:: EXTRACTED RECORDS

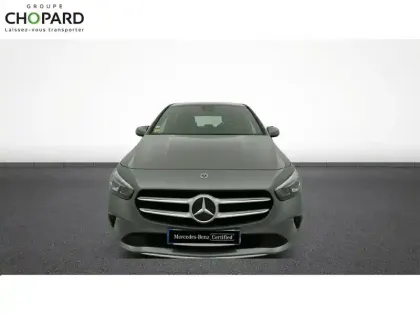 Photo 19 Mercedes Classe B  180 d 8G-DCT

::::
:: EXTRACTED RECORDS

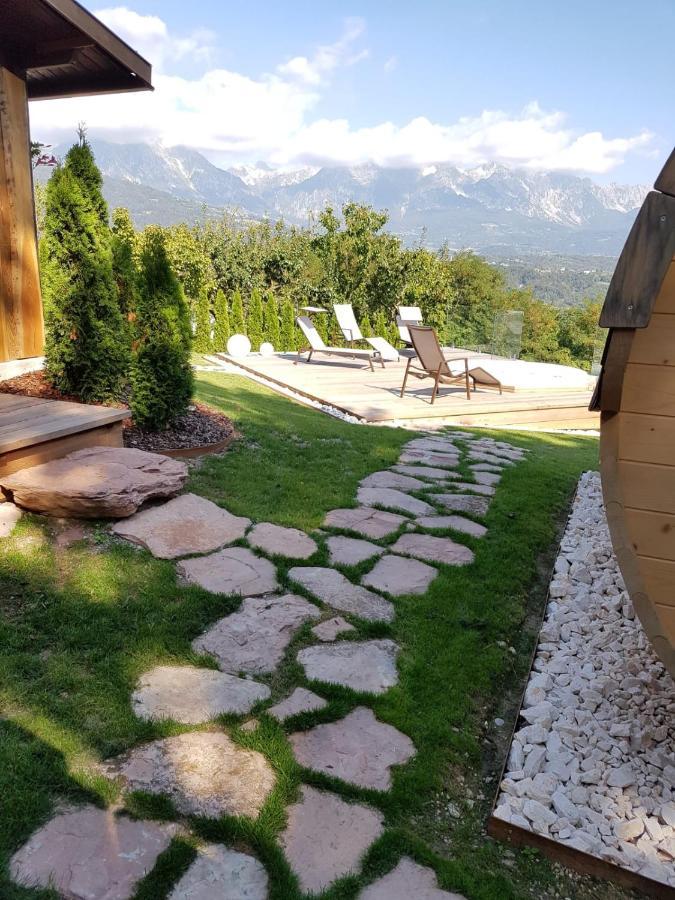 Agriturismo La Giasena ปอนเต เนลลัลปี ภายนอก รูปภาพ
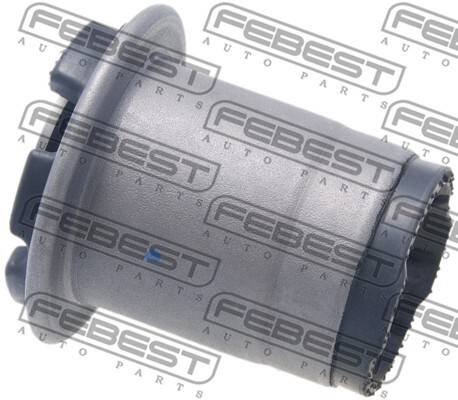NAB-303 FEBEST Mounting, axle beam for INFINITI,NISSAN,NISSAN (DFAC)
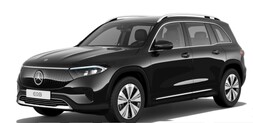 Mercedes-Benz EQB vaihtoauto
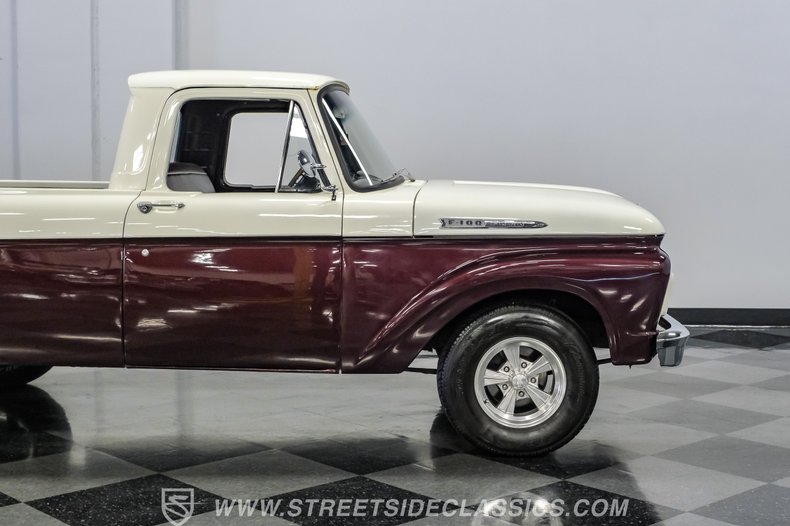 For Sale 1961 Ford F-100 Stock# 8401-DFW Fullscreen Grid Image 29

::::

## WHAT TO PRODUCE
With the pictures omitted, print the lines above exactly, beginning at the line with "NAB-303 FEBEST Mounting, axle" and going on through the line with "For Sale 1961".

## OUTPUT OF THE EXERCISE
NAB-303 FEBEST Mounting, axle beam for INFINITI,NISSAN,NISSAN (DFAC)
 Mercedes-Benz EQB vaihtoauto
 For Sale 1961 Ford F-100 Stock# 8401-DFW Fullscreen Grid Image 29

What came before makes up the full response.